> What is required: For the listing below, print exactly the lines from the line with "2012 Colorado and" to the line with "Courbe de la force du vent pour Baruth", both included, and nothing beyond them.
*** Opening Study material ***
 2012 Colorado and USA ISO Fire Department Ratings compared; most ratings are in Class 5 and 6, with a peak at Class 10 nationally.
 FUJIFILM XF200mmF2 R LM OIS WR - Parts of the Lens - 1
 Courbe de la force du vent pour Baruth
*** Closing Study material ***
*** Opening Study material ***
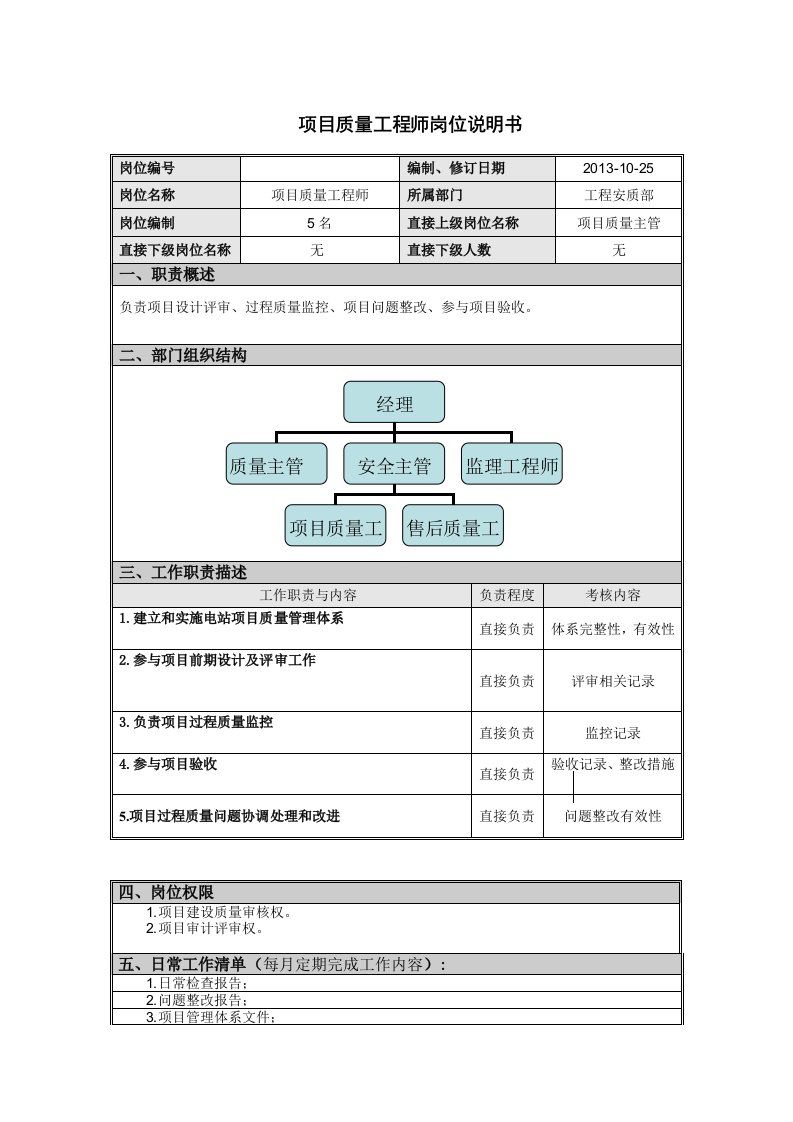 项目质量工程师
*** Closing Study material ***
*** Opening Study material ***
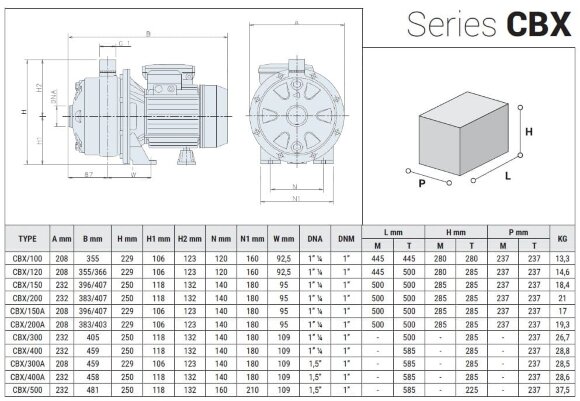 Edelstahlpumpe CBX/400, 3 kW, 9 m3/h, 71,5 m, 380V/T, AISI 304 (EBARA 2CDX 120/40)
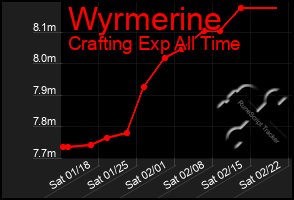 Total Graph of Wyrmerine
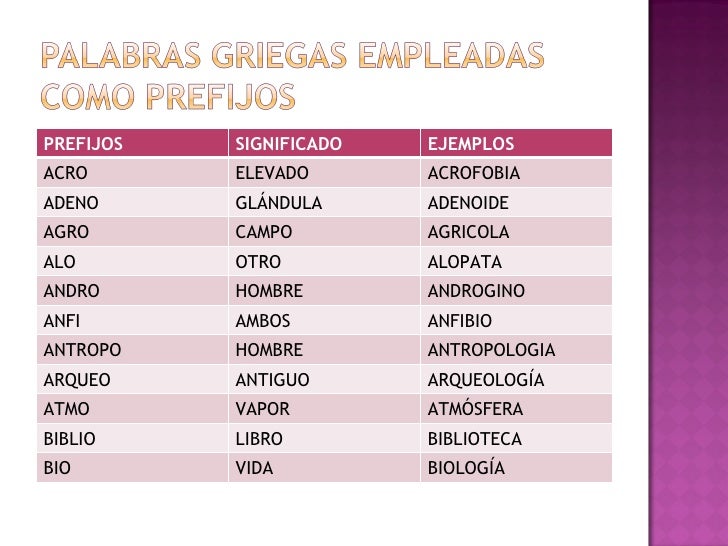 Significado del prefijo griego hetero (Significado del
*** Closing Study material ***
> Answer to this problem:
 2012 Colorado and USA ISO Fire Department Ratings compared; most ratings are in Class 5 and 6, with a peak at Class 10 nationally.
 FUJIFILM XF200mmF2 R LM OIS WR - Parts of the Lens - 1
 Courbe de la force du vent pour Baruth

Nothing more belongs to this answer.